The committee's chairman, Rep. Carlos Lopez-Cantera, said he wants illegally operated machines closed down and the state laws clarified to regulate the rest. ''I don't want anyone to think this is a witch hunt,'' said the Miami Republican. ``This is an industry that a lot of seniors attend, and it has no regulation.''

Jennifer Pritt, a Florida Department of Law Enforcement agent, told the committee that her agency's experience with the machines that have been cropping up in strip malls and low-income neighborhoods across the state is ``they are operated without rules, regulations or industry norms.''

State law is murky as to whether the video-style machines that look like slot machines qualify as games of chance -- like slot machines at Indian casinos and some racetracks -- or games of skill, like arcade amusement games, she said, so law enforcement around the state ''is struggling.'' Some operators have been arrested for running gambling rooms, while others have gone unchecked.

''If it is your intent to allow these machines, then the machines and those holding the facilities should be licensed, regulated, inspected and treated to the same regulation control as slot machines in Florida,'' Pritt said.

CHUCK E. CHEESE

For 20 years, adult arcades have operated apart from the state's gambling laws under the so-called Chuck E. Cheese exemption, which allows coin games as long as a skilled player can manipulate the outcome. But with the rise of gaming technology, the new games look like slot machines.

Operators of the games say they look alike but operate differently.

Gale Fontaine runs four arcades in Pompano and West Palm Beach and is president of the Florida Arcade and Bingo Association. A typical arcade, she said, offers games that look like electronic slot machines but rather than games of chance, where the machine determines the winning, they are games of skill, because the player can stop the spinning to get three cherries, lemons or bars with a device known as a ``skill stop.''

''You stop the machine and you can hold two like symbols and try and catch the third symbol and your chances of winning definitely increase,'' she said.

`PLAY FOR PENNIES'

Her long-time patrons, many of them elderly and widowed, come daily to her arcades, where they are greeted in the morning with free bagels, danish and coffee and given a free hot lunch at noon. In between, they play the machines for hours, wagering one to eight cents a play.

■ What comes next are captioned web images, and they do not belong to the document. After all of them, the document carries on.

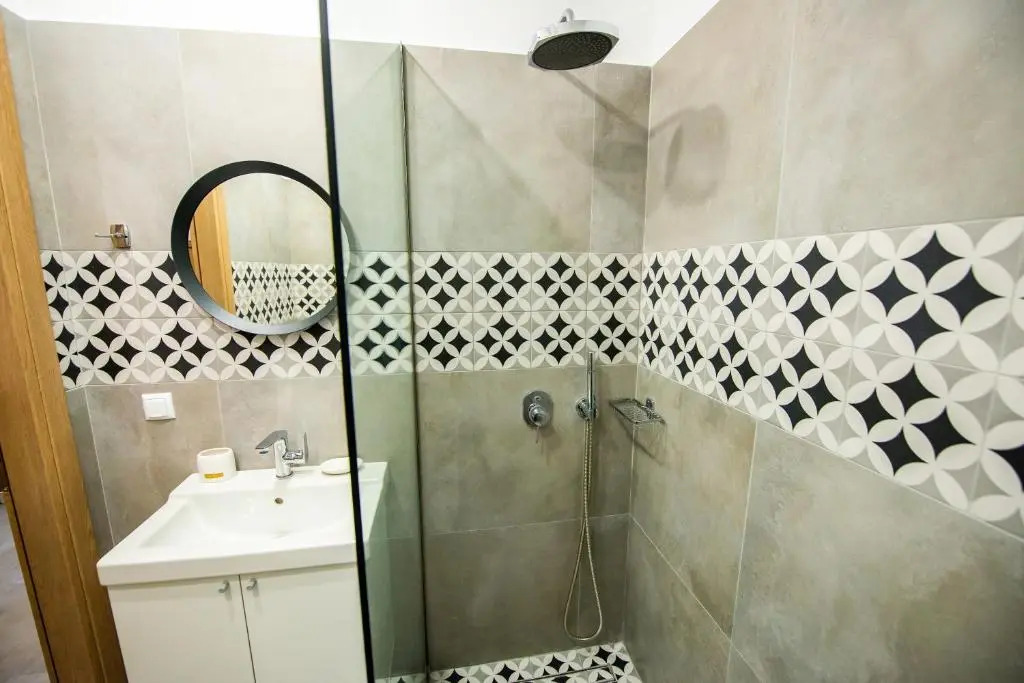 Indigo Apartment 3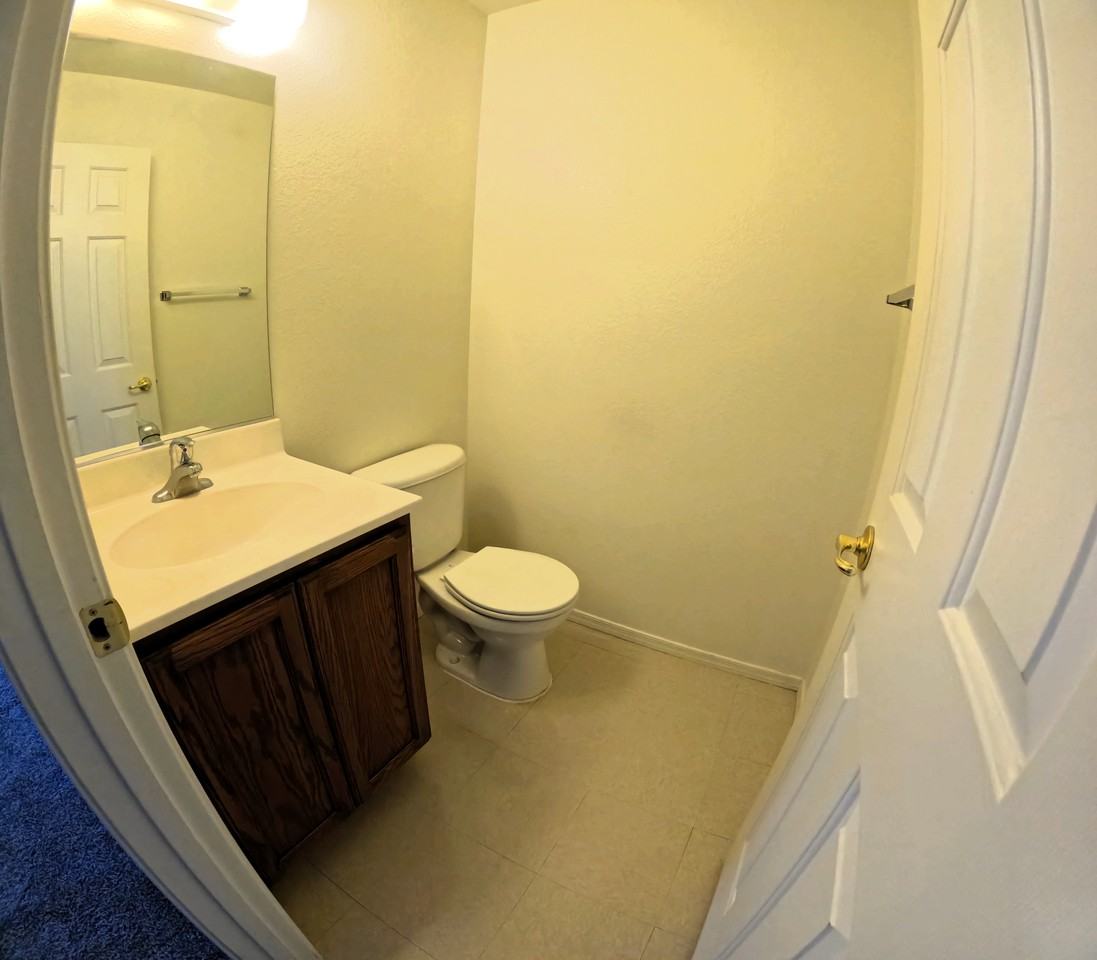 3424 Sunriver Rd #1 - Photo 6 of 23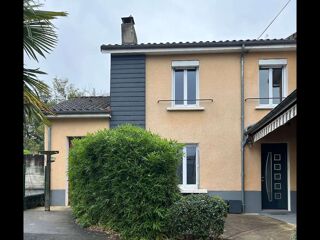  Colocation � louer 4 pi�ces 90 m�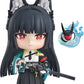 Nendoroid "Zenless Zone Zero" Hoshimi Miyabi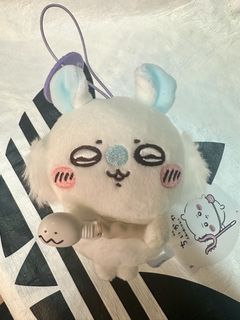 （分類：）位於 。 由 ctl0426 提交（商品編號 1456148514，圖片 1）。簡介： 。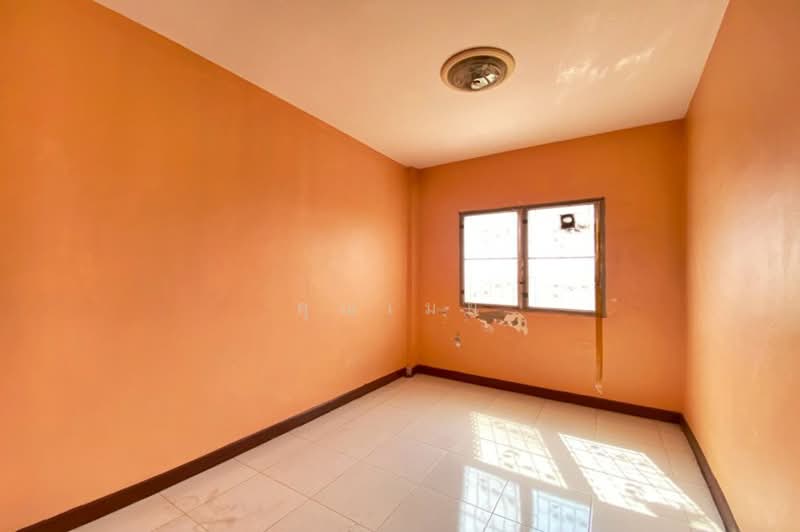 Baan Wasin Klong 9, Pathum Thani, Rangsit-Nakhon Nayok Road, Bung Sanan, Thanyaburi, Pathum Thani, 4 Bedrooms, 100 sqm, Single Detached House For Sale, by คุณเมย์, 500213608 - DDproperty.com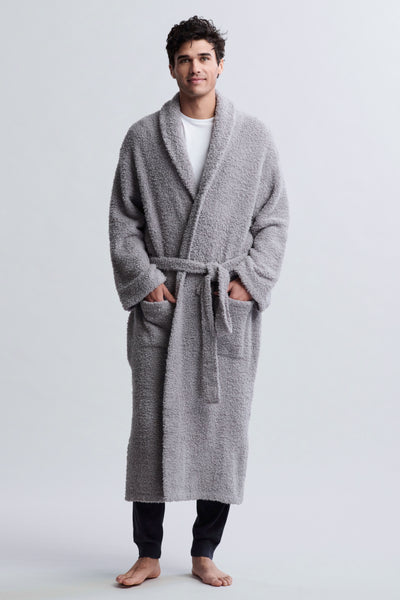 Dove Gray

''These people call it their job and it's their home away from home,'' she said. But, she added, ``they're never leaving in a higher income-tax bracket and they're never leaving in a lower income-tax bracket either. They play for pennies.''

`GAMBLING MACHINES'

Opponents, however, consider the machines games of chance that violate state law because they often pay out with gift cards. Arcade games are limited to prizes worth no more than 75 cents, but the gift cards, often especially made for arcade customers by Publix or Wal-Mart, are often worth $25 or more.

''These are gambling machines,'' said Kurt Jones, an undercover detective with the Jacksonville Sheriff's Department who posed as someone ''who wanted to get into the slot machine business'' and secretly tape recorded his conversations with arcade operators.

''Each person referred to it as the gambling business,'' he said. ``They told us how to target lower middle-income and elderly people and what part of town to put it in to get the best money.''

Fontaine, president of the Florida Arcade Association, said her group ''welcomes regulation'' to get rid of the ''bad operators.'' But she worries that the talk of regulation this year is a back-door attempt by the parimutuel industry to shut them down in the face of new competition from Seminole Tribe casinos.

State Sen. Jeremy Ring, a Margate Democrat, is already drafting a bill to create a super-agency to regulate all gambling, parimutuel wagering and even the state-run lottery. He said Thursday he will tuck these so-called mom-and-pop shops and adult arcades into it ``because they need to be regulated.''

`GOING TO GET NASTY'

A sign that the parimutuel industry is paying attention: The committee room was filled with industry lobbyists.

''I don't want to get into the issue of one industry versus another,'' Lopez-Cantera warned lobbyists as they spoke.

But the lines have already been drawn. ''This is going to get nasty,'' said a lobbyist for the Seminole Tribe.